Your assignment ▸ The task calls for each record to be given again unchanged, minus any pictures.
[Data extracts — start]
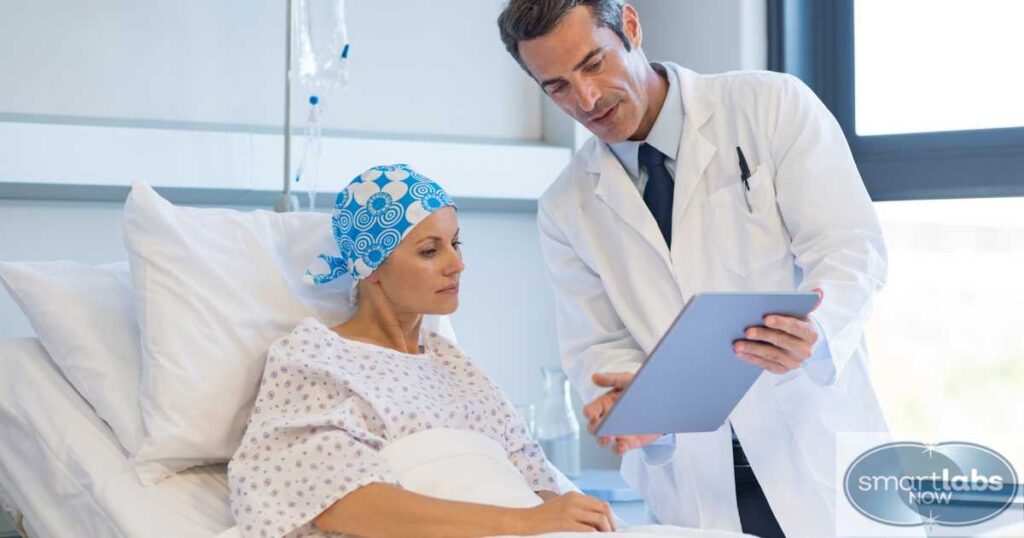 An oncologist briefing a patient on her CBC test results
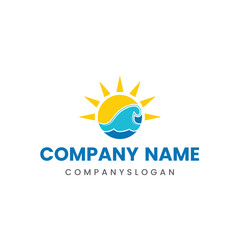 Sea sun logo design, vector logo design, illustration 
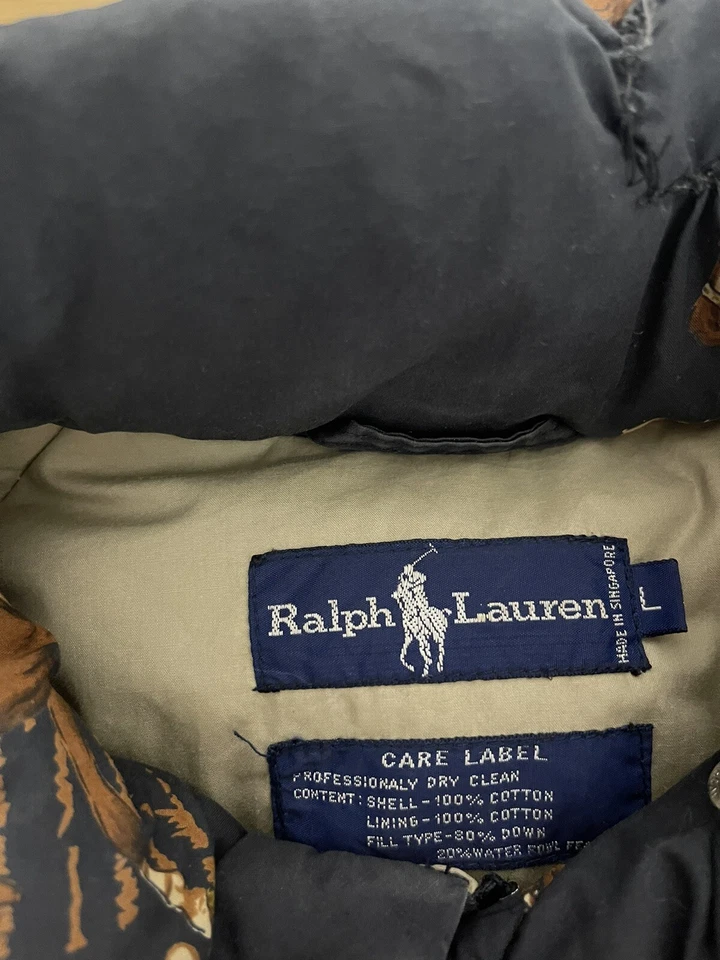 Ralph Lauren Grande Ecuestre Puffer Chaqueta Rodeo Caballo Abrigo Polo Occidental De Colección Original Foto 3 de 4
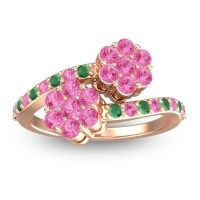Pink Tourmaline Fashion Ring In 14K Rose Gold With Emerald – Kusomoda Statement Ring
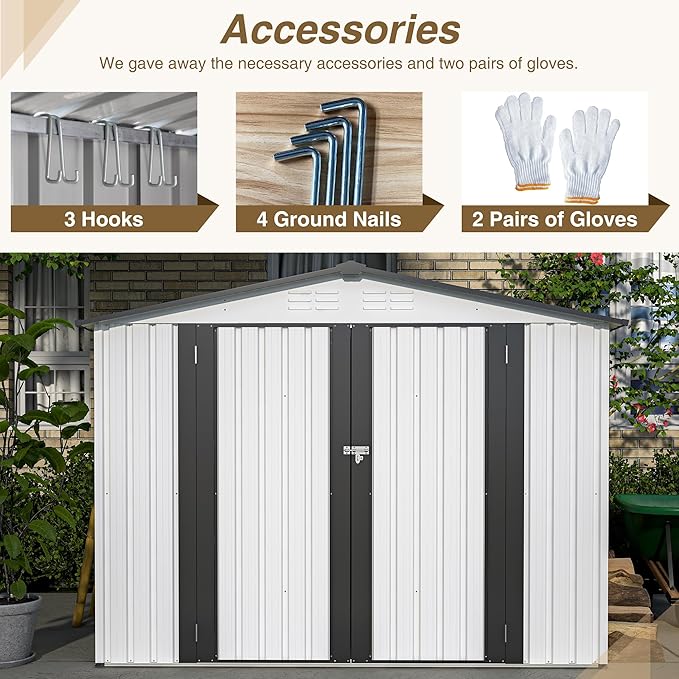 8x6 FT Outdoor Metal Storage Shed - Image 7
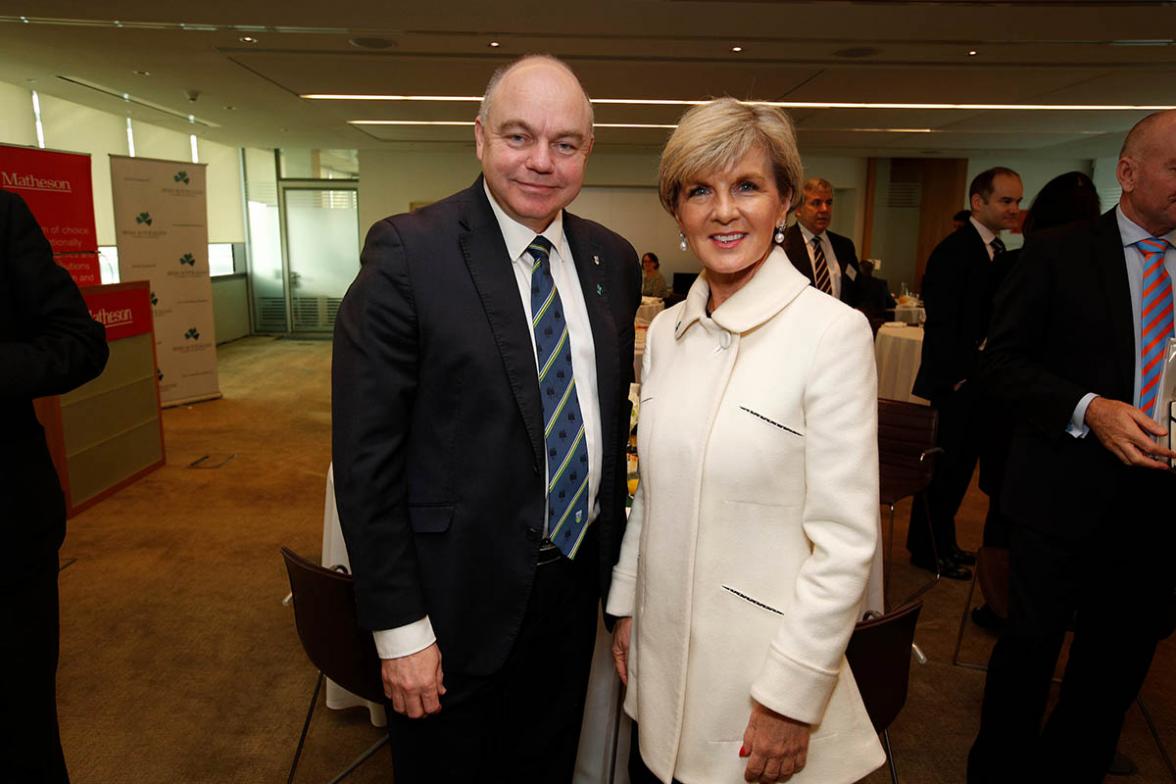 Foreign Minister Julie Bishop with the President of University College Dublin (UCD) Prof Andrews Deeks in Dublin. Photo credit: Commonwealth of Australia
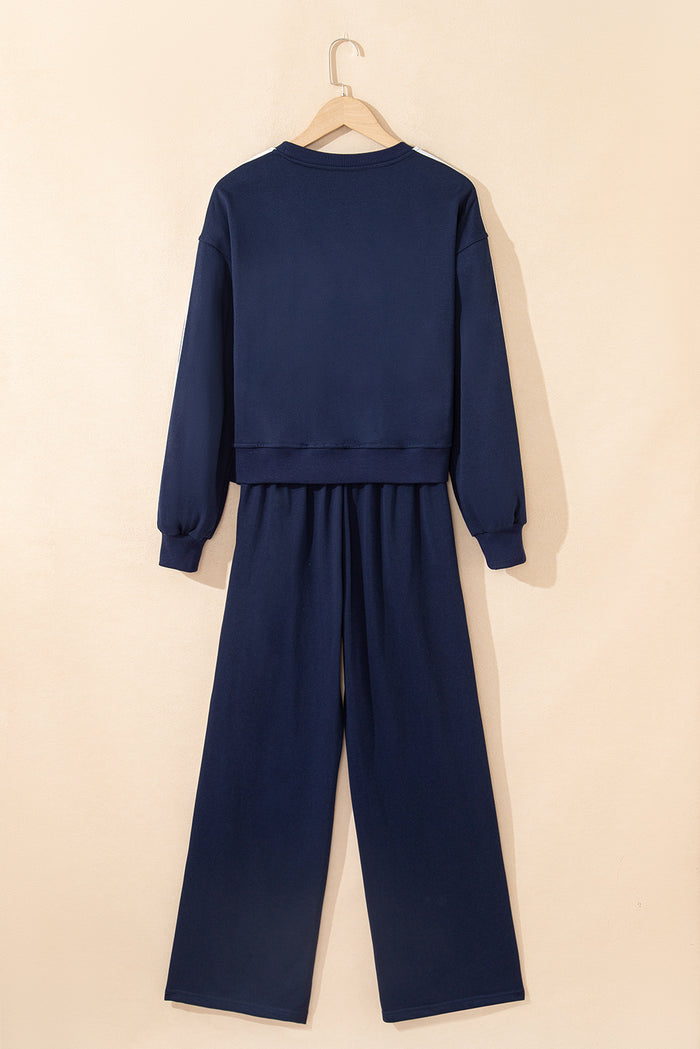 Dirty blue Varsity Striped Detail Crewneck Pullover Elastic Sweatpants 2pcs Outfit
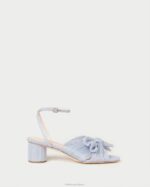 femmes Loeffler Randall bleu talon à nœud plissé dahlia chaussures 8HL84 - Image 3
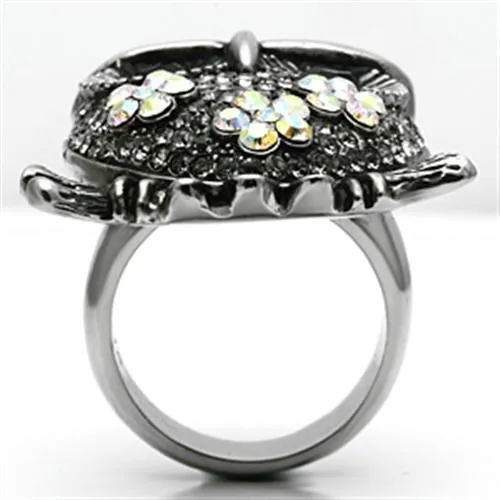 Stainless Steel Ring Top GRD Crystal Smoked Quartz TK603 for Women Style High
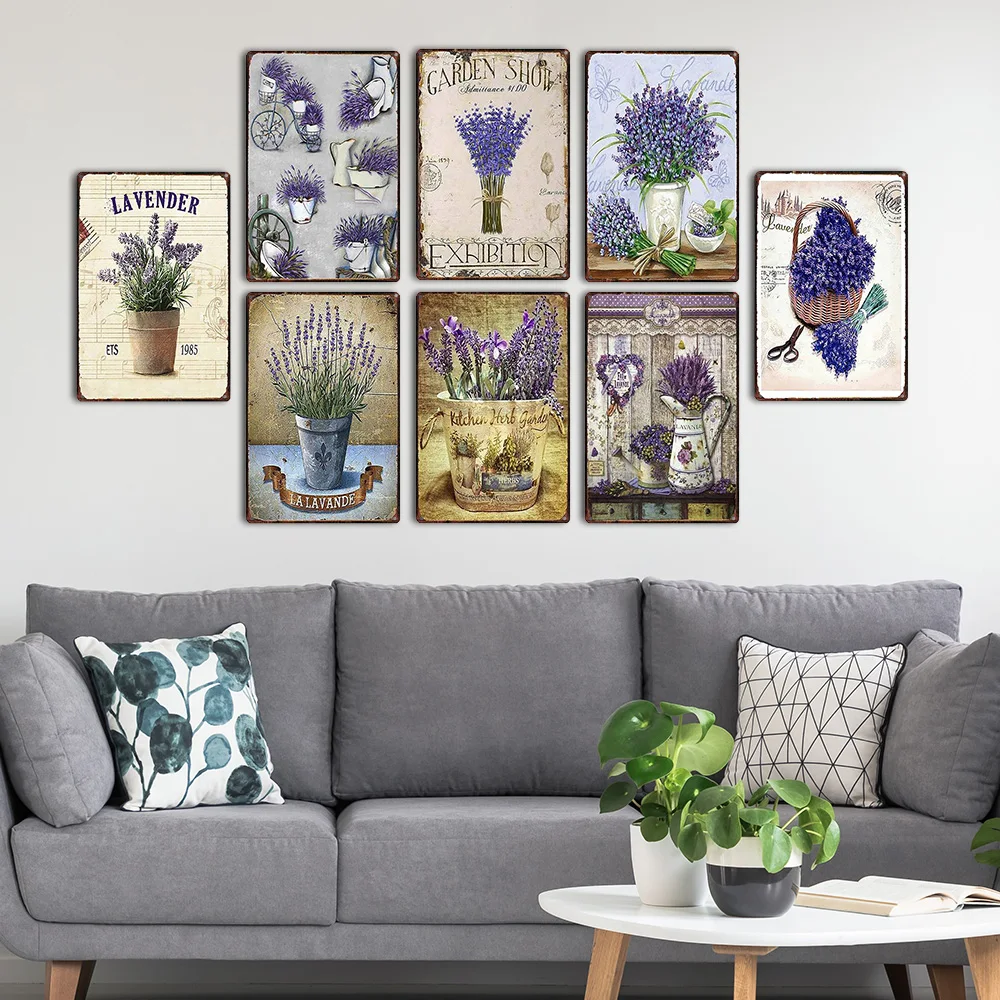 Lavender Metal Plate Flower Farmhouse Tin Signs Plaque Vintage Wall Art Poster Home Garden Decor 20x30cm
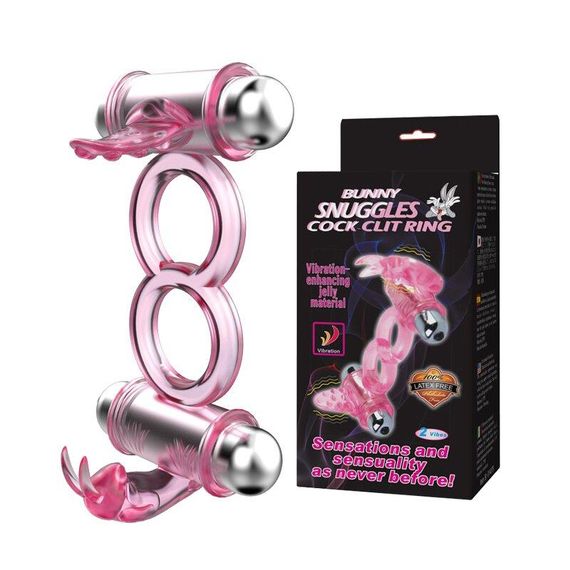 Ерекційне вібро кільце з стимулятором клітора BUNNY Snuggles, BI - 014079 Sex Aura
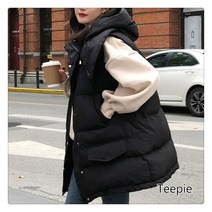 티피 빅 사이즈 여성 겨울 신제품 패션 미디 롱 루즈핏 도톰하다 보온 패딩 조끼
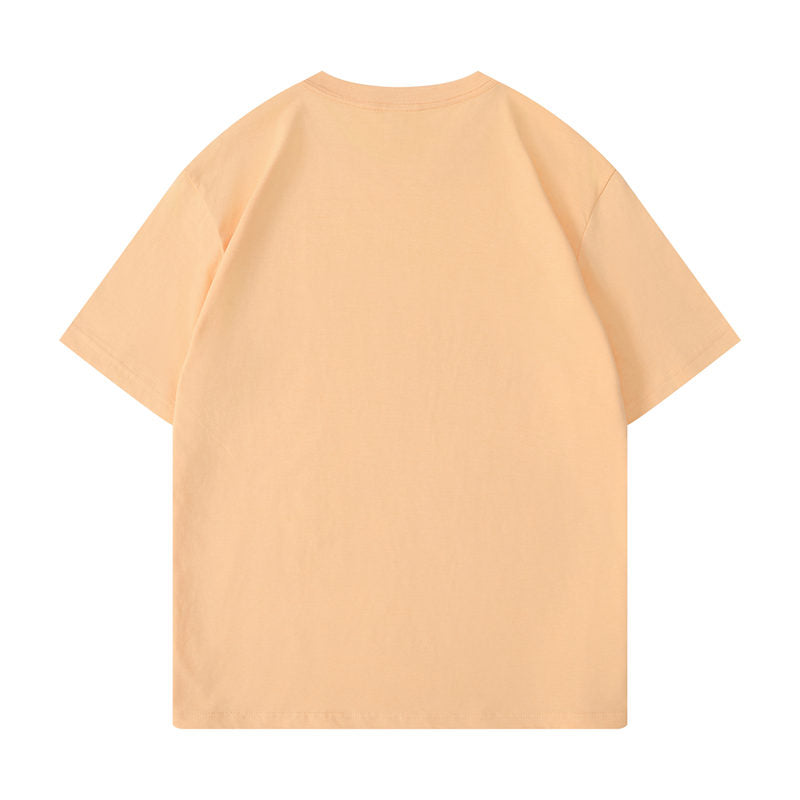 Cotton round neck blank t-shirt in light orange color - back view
[Data extracts — finish]
Solution to this exercise ▸
 An oncologist briefing a patient on her CBC test results
 Sea sun logo design, vector logo design, illustration 
 Ralph Lauren Grande Ecuestre Puffer Chaqueta Rodeo Caballo Abrigo Polo Occidental De Colección Original Foto 3 de 4
Pink Tourmaline Fashion Ring In 14K Rose Gold With Emerald – Kusomoda Statement Ring
 8x6 FT Outdoor Metal Storage Shed - Image 7
 Foreign Minister Julie Bishop with the President of University College Dublin (UCD) Prof Andrews Deeks in Dublin. Photo credit: Commonwealth of Australia
 Dirty blue Varsity Striped Detail Crewneck Pullover Elastic Sweatpants 2pcs Outfit
 femmes Loeffler Randall bleu talon à nœud plissé dahlia chaussures 8HL84 - Image 3
 Stainless Steel Ring Top GRD Crystal Smoked Quartz TK603 for Women Style High
 Lavender Metal Plate Flower Farmhouse Tin Signs Plaque Vintage Wall Art Poster Home Garden Decor 20x30cm
 Ерекційне вібро кільце з стимулятором клітора BUNNY Snuggles, BI - 014079 Sex Aura
 티피 빅 사이즈 여성 겨울 신제품 패션 미디 롱 루즈핏 도톰하다 보온 패딩 조끼
 Cotton round neck blank t-shirt in light orange color - back view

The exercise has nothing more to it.